Perfect is the enemy of the good.

No pressure, no diamonds, Thomas Carlyle.

For every problem there is always, at least, a solution which seems quite plausible and reasonable. It is simple and clean, direct, neat, and very nice, and yet it is wrong, #Anawim, justtothepoint.com

Recall

Lagrange’s Theorem. Let G be a finite group and let H be a subgroup of G. Then, the order of H is a divisor of the order of G, .i.e., |H| | (divides) |G| or, more precisely, |G| = |H| · |[G:H]|.

A (left) group action is an operation Φ: G x X → X such that ∀(g, x) ∈ G x X: g*x = Φ(g, x) ∈ X. It satisfies that ∀g, h ∈ G, x ∈ X: g * (h * x) = (g * h) * x, and ∀x ∈ X: e * x = x. The group G thus acts on the set X.

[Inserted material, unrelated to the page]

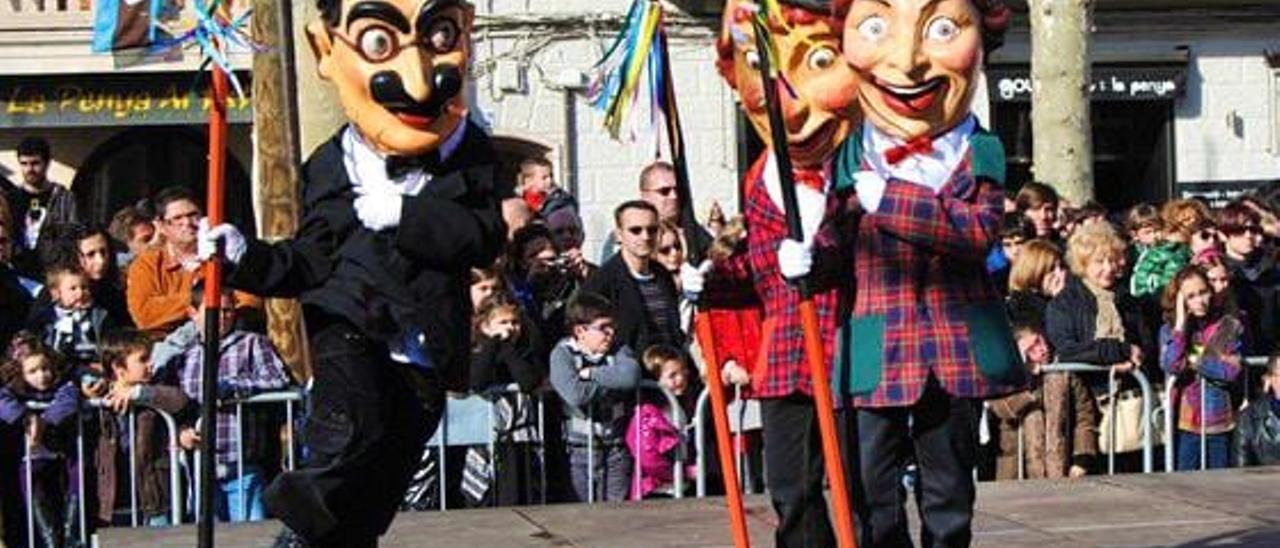 Pasacalles en sa Pobla con los protagonistas del Sant Antoni.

There is a one-to-one correspondence between group actions of G on X and permutation representations of G in X as follows. Let Φ: G x X → X be a group action and ρ: G → Sx be a permutation representation (a homomorphism from G to the symmetric group of X). The following are equivalent:

  1. ρ is the permutation representation associated to Φ, that is, the group homomorphism G → Sx which sends g to Φg where Φg is the mapping, Φg: X → X, defined by Φg(x) = Φ(g, x) = g * x.
  2. Φ is the group action associated to the permutation representation ρ, that is, the group action Φ: G x X → X defined by Φ(g, x) = ρg(x) where ρg: X → X is the permutation representation associated to ρ for g ∈ G by ρg(x) = Φ(g, x) = g * x.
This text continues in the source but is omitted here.